Mouseover of the mailto link should not show any strange characters in the
browser status window. Clicking on the link should bring up a mail program with
the email address (including the person's name but with no strange characters)
in the "To:" window.

In year 2000 this format worked completely for nearly all browsers and mail
programs I tried then. (AOL 5.0 and Compuserve 4.0 were the exceptions.)

In year 2004 it still works properly for Netscape 7.0 and Internet Explorer 6.0
browsers used with Netscape Mail, Outlook, Outlook Express, Eudora Lite 3.05,
and Free Agent 1.93 mail programs. I have been told that it works properly with
a combination of the latest Mozilla browser and Mozilla Mail but I have not
tried that combination.

It does NOT work properly with Mozilla 1.6 or 1.7a or Netscape 7.1 browsers and
any of the mail programs that I have tried. Clicking on the link brings up the
mail program with an A with ^ over it (A circumflex, &Acirc;) before the space
in the "To:" window. The message is sent with the extra character in the header.
I looks bad.

The February 2000 version of Tidy HTML validator shows no errors, warnings, or
changes for this format in an HTML file. The February 2004 version of Tidy warns
of a malformed URI link; and changes the non-break space to %C2%A0, the
less-than symbol to %3C, and greater-than symbol to %3E. I presume that is what
Netscape 7.1 and Mozilla are doing. %C2%A0 causes the problem for all of the
mail programs I have tried recently. A space, %20, %80, &#x20; or &#x80; works
in all of the combinations I tried recently. They caused minor problems with
some browsers or mail programs I tried in 2000.

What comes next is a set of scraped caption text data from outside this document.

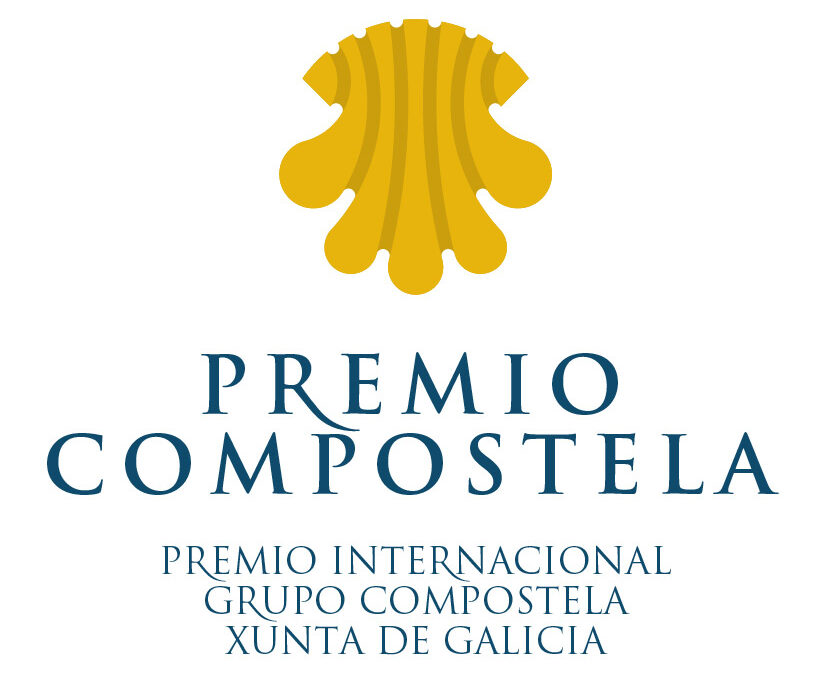 El logotipo del Premio Internacional Grupo Compostela-Xunta de Galicia está encabezado por una concha dorada. Bajo ella, se muestra el nombre abreviado de Premio Compostela y el nombre completo del galardón en letras de color azul inmediatamente después.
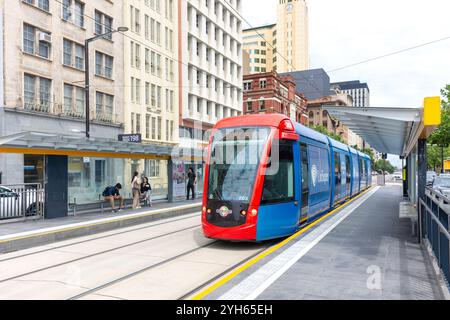 Tramway approchant Art Gallery Tram Stop, North Terrace, Adélaïde, Australie du Sud, Australie Banque D'Images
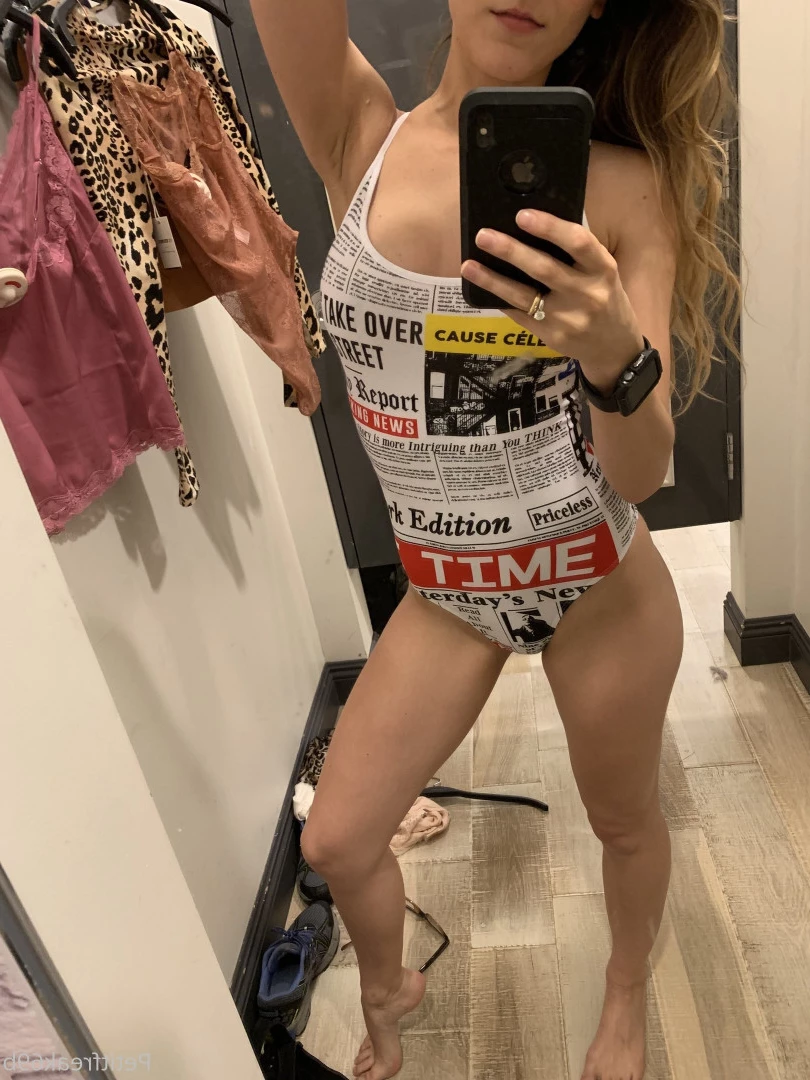 Petite Hotwife [ petitfreak69b ] Onlyfans leaked photo 10272418 on Hotleaks.tv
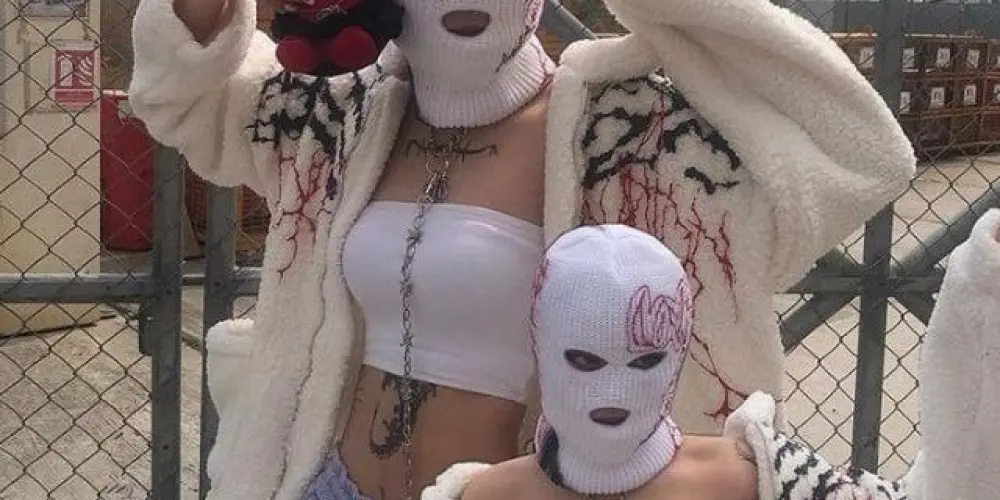 Imagem do grupo de WhatsApp Caos😈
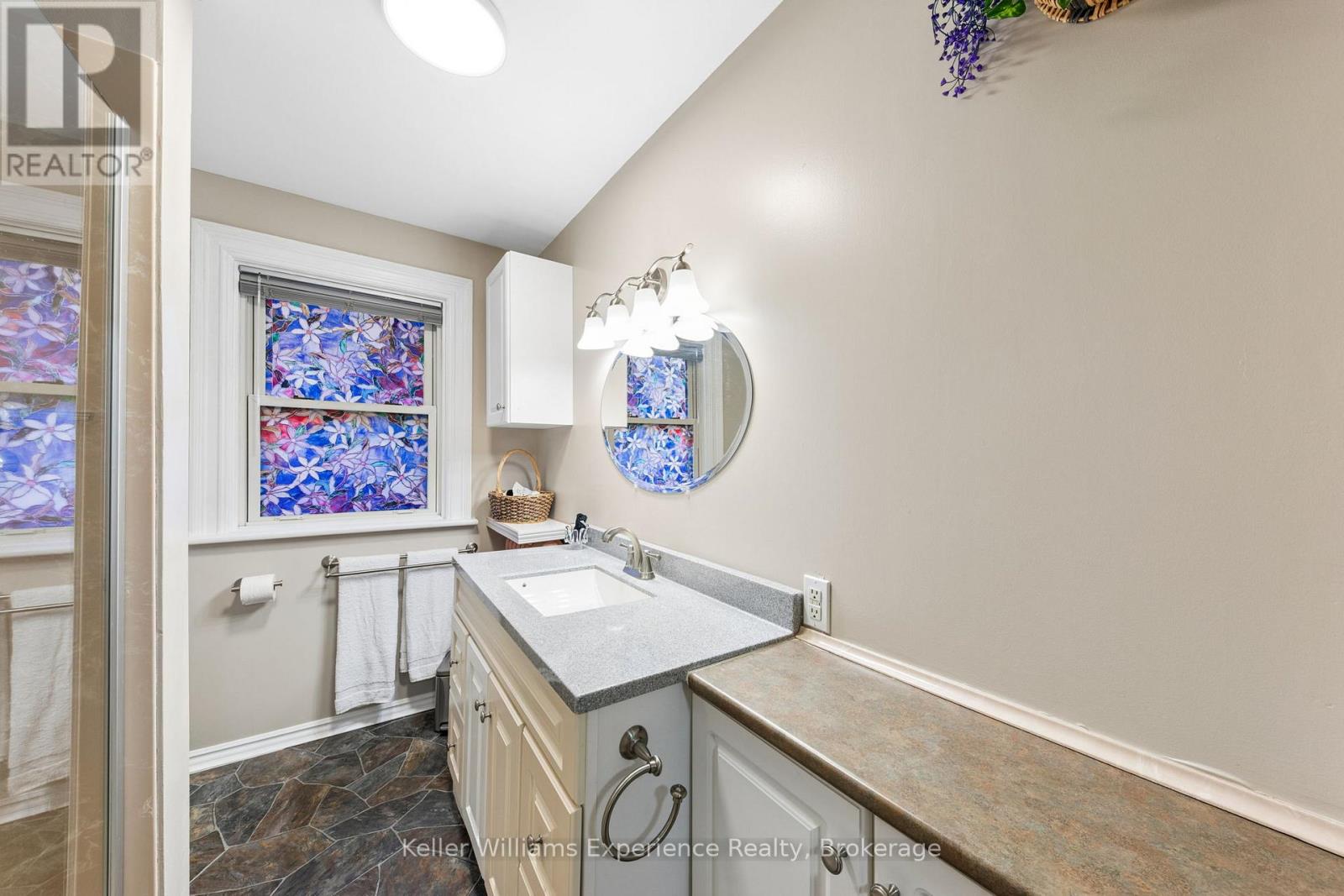 390 KING STREET - 12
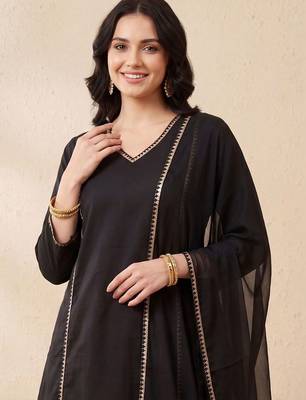 Women Regular Gotta Patti Pure Cotton Kurta with Trousers & With Dupatta 2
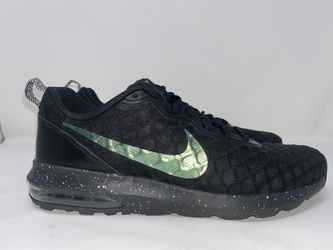 Nike Air Max – Holographic Swoosh – Size 9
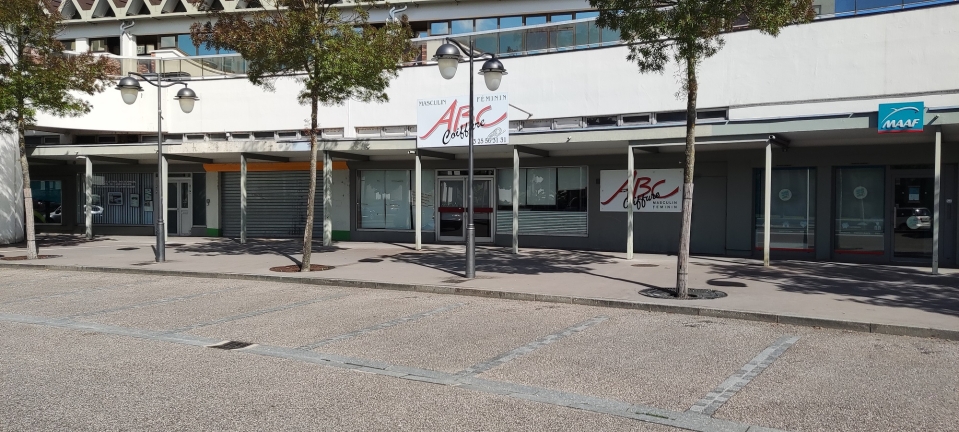 LOCATION - LOCAL COMMERCIAL 117 M² HYPER CENTRE : Photo 1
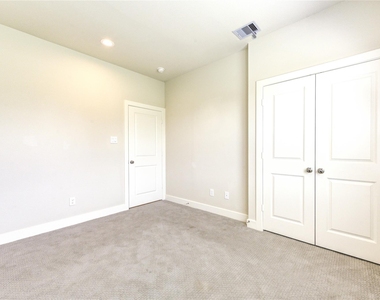 5920 Jasper Jones Way - Photo Thumbnail 32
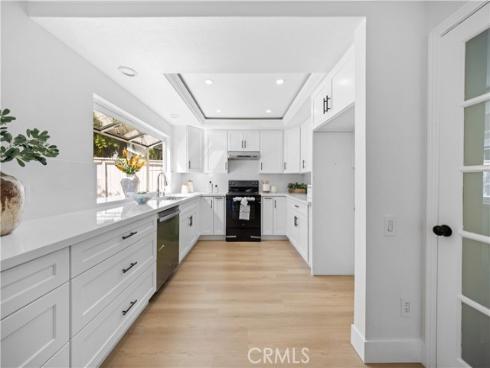 12  Oakdale  , Irvine, CA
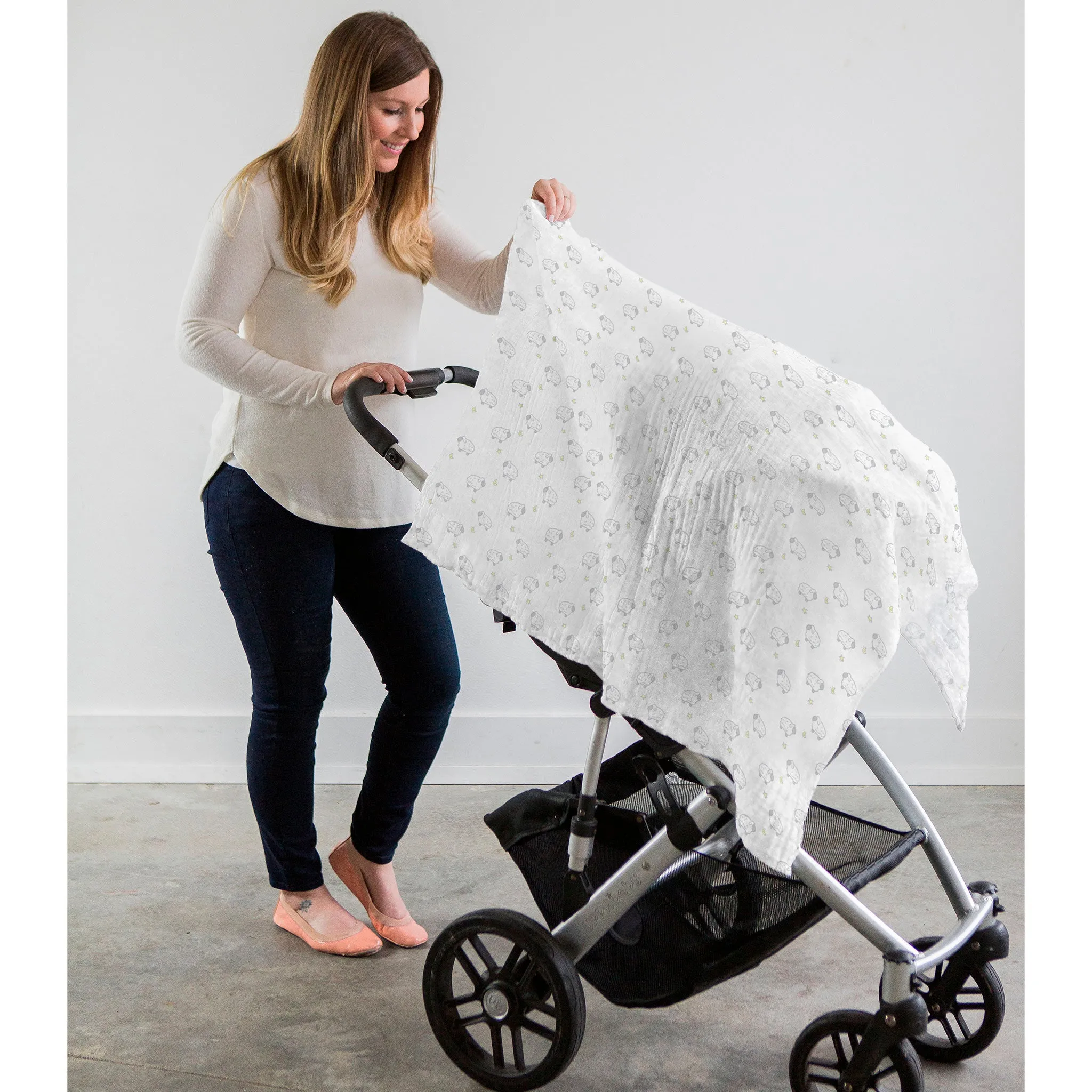 Muslin Swaddle 3-Pack, Pajama Gown and Hat Gift Set - Heathered Gray, Newborn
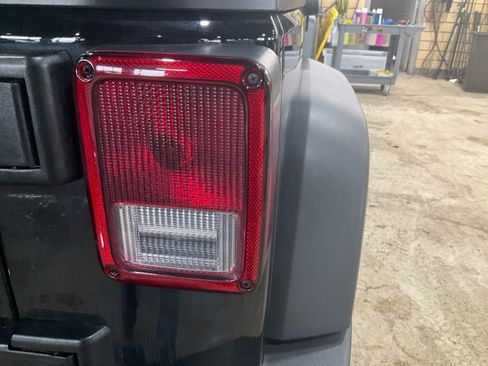 Used 2017 Jeep Wrangler Unlimited Rubicon w/ Cold Weather Group image 23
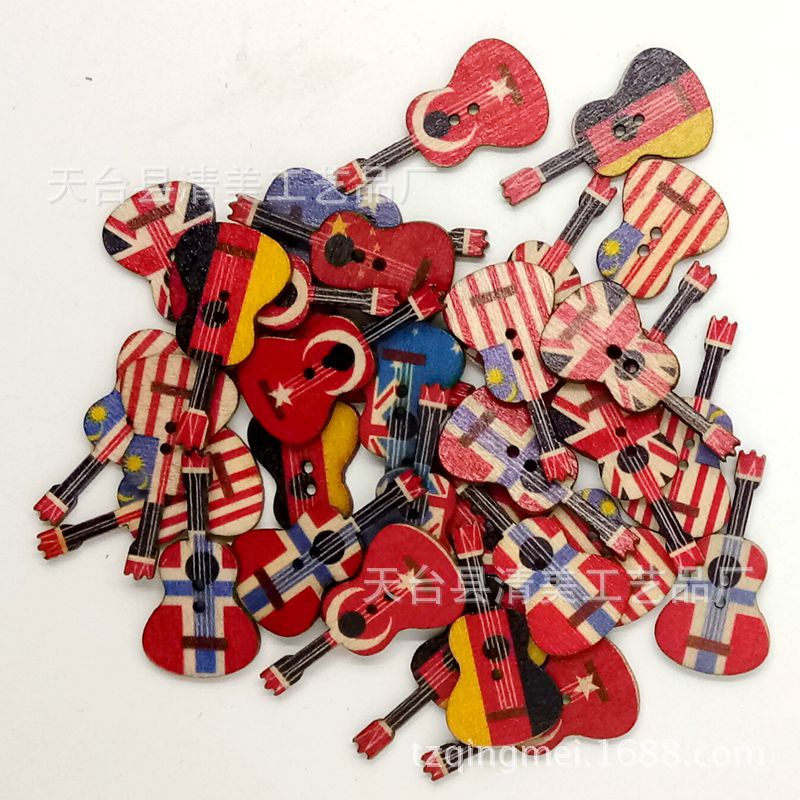 Bricolaje pintado en forma de guitarra botones de madera estilo europeo y americano 100 piezas un paquete de botones de madera de violín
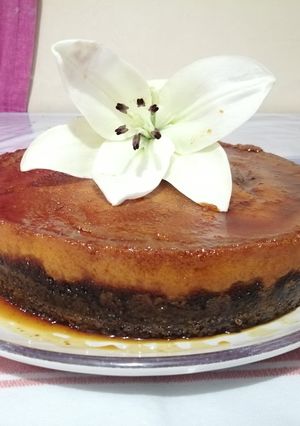 Una foto de Pastel imposible (chocoflan)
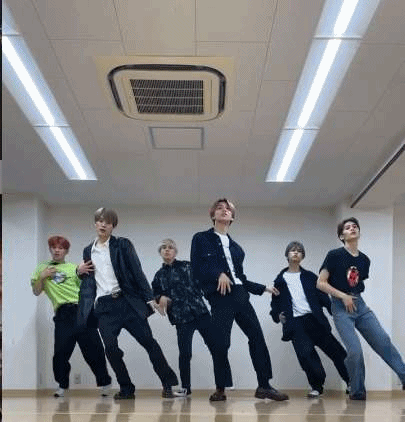 방탄소년단 'Butter' 커버 댄스를 선보이는 원앤온리 멤버들/사진=원앤온리 공식 인스타그램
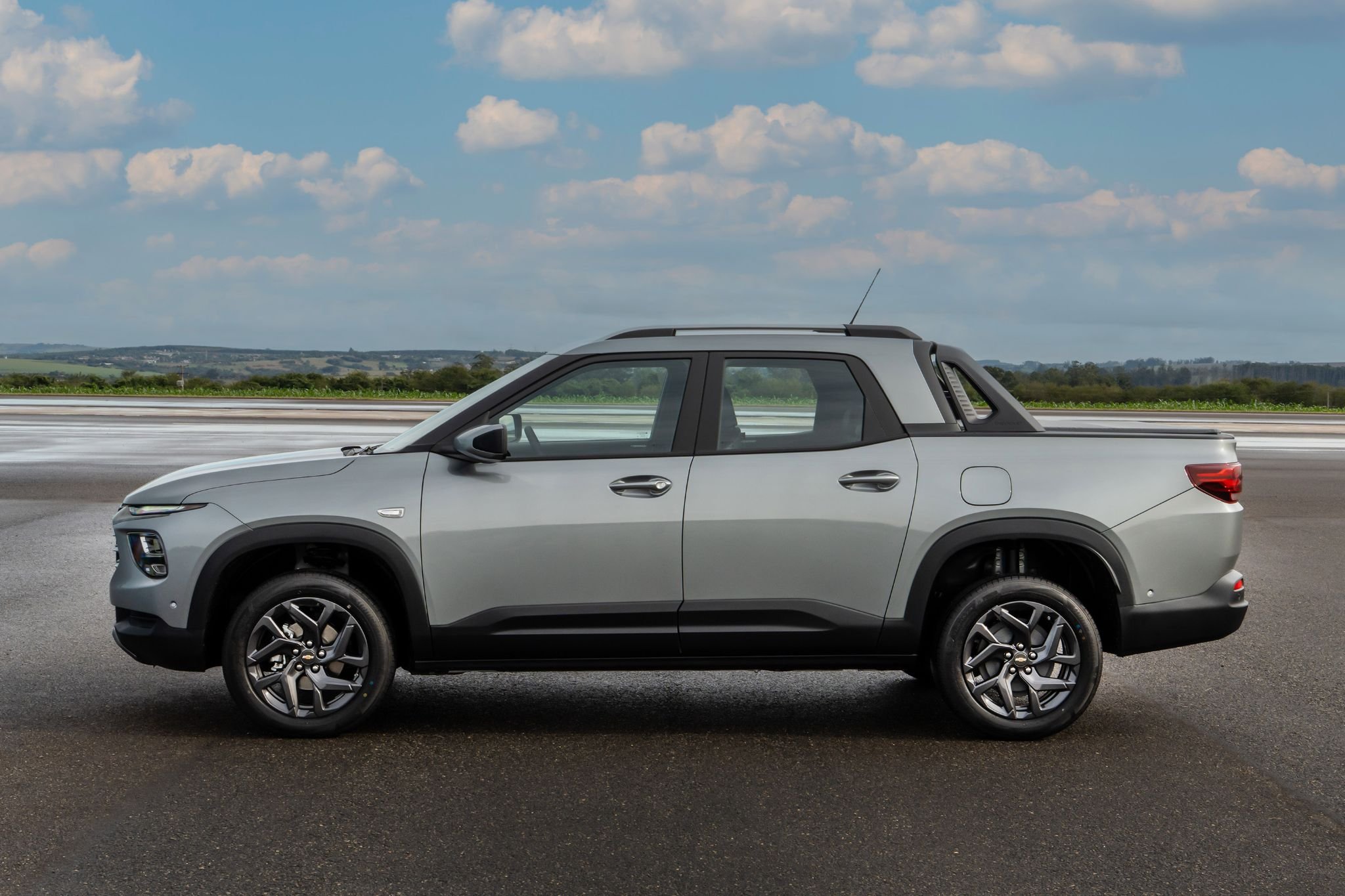 Chevrolet Montana Premier 2026 prata shark lateral parada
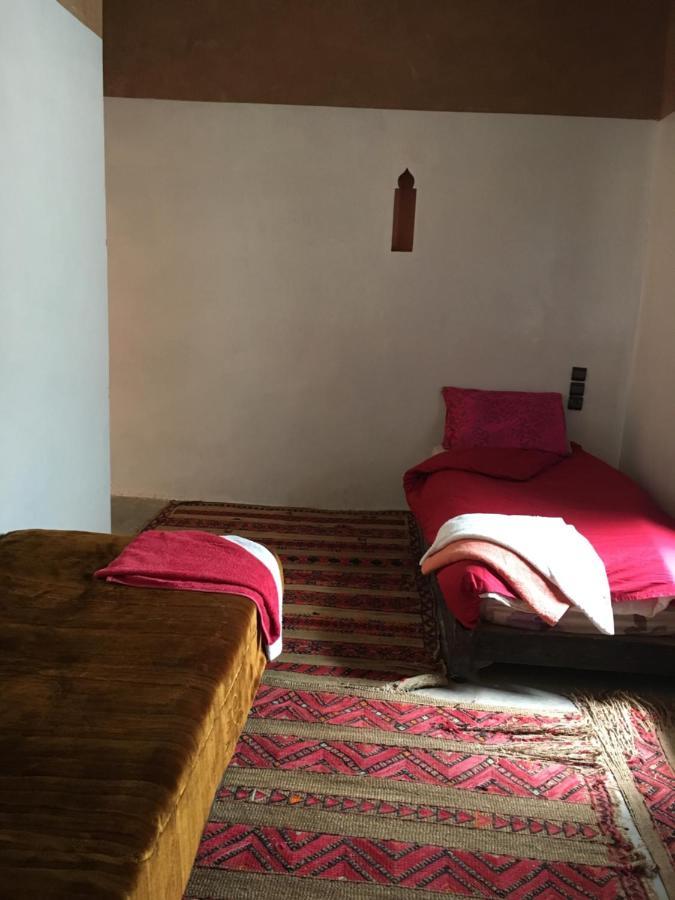 Maison D'Hotes Dar Afra Ait Ziri Exteriör bild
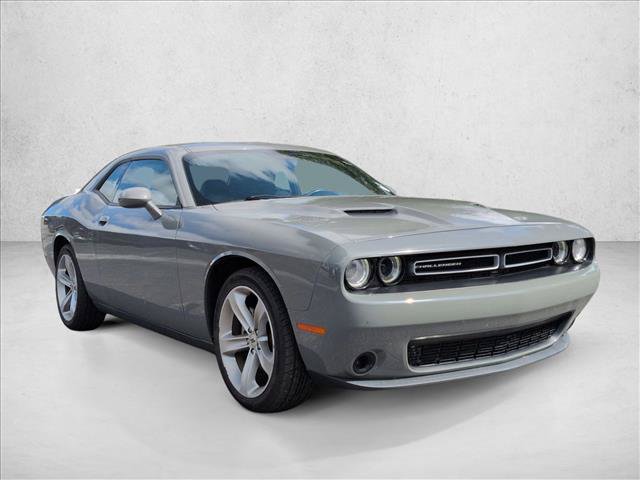 Used 2018 Dodge Challenger SXT w/ Super Sport Group (SS/T) RWD image 4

I cannot find anything which says that a non-break space should be converted to
%C2%A0 in a URI. The HTML 4.01 spec seems to say that anything in a URI outside
the range of %20 to %7F is non-compliant.

Can anyone point me toward something that says whether or why the conversion
from non-break space to %C2%A0 happens?
Russell May
2004-02-27 19:15:03 UTC
Permalink
On Fri, 27 Feb 2004 19:05:47 GMT, ***@ditmcoNotThis.com (Russell May) wrote:

Ooops,
&#xA0; misoperates like &nbsp;
%A0 works okay
Andreas Prilop
2004-02-27 19:24:03 UTC
Permalink
Post by Russell May
Here is an example of a format I have used for personalized mailto links since
It uses character entity names for non-break space, less-than, greater-than
symbols.
Russell May<***@nowhere.com>
with char xA0 between "Russell" and "May" is an illegal address.
Correct are
Russell May <***@nowhere.com>
***@nowhere.com (Russell May)
with space between "Russel" and "May".

The second form can be written in HTML as
<a href="mailto:***@nowhere.com%20(Russel%20May)">
--
Top-posting.
What's the most irritating thing on Usenet?
Russell May
2004-02-27 20:26:02 UTC
Permalink
On Fri, 27 Feb 2004 20:24:03 +0100, Andreas Prilop
Post by Andreas Prilop
Post by Russell May
Here is an example of a format I have used for personalized mailto links since
It uses character entity names for non-break space, less-than, greater-than
symbols.
with char xA0 between "Russell" and "May" is an illegal address.
It does seem illegal because it is outside of the %20 to %7F range,
but %A0 works with Netscape 7.1 and Outlook.
Post by Andreas Prilop
Correct are
with space between "Russel" and "May".
I presume you are referring to what appears in the mail program "To:" window.
Post by Andreas Prilop
The second form can be written in HTML as
It worked for me today using Netscape 7.1 and Outlook,
but so does my original format if I use %20 or %A0 instead of &nbsp;

What I am most interested in is the last sentence of my original post:
Can anyone point me toward something that says whether or why the conversion
from non-break space to %C2%A0 happens?
Andreas Prilop
2004-02-27 20:42:01 UTC
Permalink
Post by Russell May
It worked for me today using Netscape 7.1 and Outlook,
but so does my original format if I use %20 or %A0 instead of &nbsp;
"%A0" represents character xA0 and this character would be illegal in
an e-mail address.
Post by Russell May
Can anyone point me toward something that says whether or why the conversion
from non-break space to %C2%A0 happens?
The no-break space is xC2A0 in UTF-8.
<http://www.w3.org/TR/html4/appendix/notes.html#non-ascii-chars>
Again: You cannot have xA0 in an e-mail address.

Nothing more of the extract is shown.